# why is my dog doing this to the new puppy????



## pinktiger (25 February 2010)

licking her face, eyes, ears, mouth!!!! whats with that!! is quite a lot of the time and if the pup doesnt keep still the older bitch gets quite grumpy with her,they are both bitches older one about 18months and the pup is 5 months!!  anyone ne ideas????


----------



## CorvusCorax (25 February 2010)

Could be simulating mother-puppy behaviour, which is more dominant, would you say?

I am sure you have seen footage of wild dogs, puppies lick their mother's mouth, mother regurgitates their breakfast for them!


----------



## CAYLA (25 February 2010)

There is a number of reasons why dogs do this.

One is to cover thier scent onto another dog, as the mother would when the pups are younger, to deter pretitors.
It also said to be a sign of bonding 
Submissive dogs can do it to preen other dogs,
Some dogs lick (I feel sick now) 
	
	
		
		
	


	




 to heel or clean wounds, yack 
	
	
		
		
	


	




 my mams shepherd was really bad for that 
	
	
		
		
	


	




As suggested some lick the motuh area to encourage regirgitation(yackey) I hate stuff like that 
	
	
		
		
	


	




 or simply jsut to clean one another.


----------



## Booboos (25 February 2010)

Betty does a weird grooming/gentle biting thing around the mouth of the youngest dog of the pack (when we get a new puppy she abandons the now older dog in favour of the new one).
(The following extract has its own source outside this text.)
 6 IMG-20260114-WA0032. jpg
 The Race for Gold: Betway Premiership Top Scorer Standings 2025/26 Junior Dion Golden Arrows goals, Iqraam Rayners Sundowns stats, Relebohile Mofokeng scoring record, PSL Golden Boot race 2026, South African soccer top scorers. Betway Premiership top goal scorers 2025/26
It really seems to calm the puppy down and she tends to do it when the puppy is being over-excuberant. None of our puppies ever had any whiskers as she chews them all off!!


----------



## littlemisslauren (25 February 2010)

My Rhodesian Ridgeback does it to the border terrier all the time. She is 2 years younger than him and she has done it since she was about 3. 

I just think shes odd!


----------



## KatandBasher (26 February 2010)

My two do it to one another as well and they're both entire males. Monty does have a rather gross habit of getting Storm to open his mouth and then sticking his tongue down his throat!!!


----------



## pinktiger (26 February 2010)

ewwwww they are disgusting, she really wants to clean her back teeth i think!!!!! i wish i could truely understand why she does it!!  think im gonna decide its coz she thinks shes her mummy and is looking after her!!!!


----------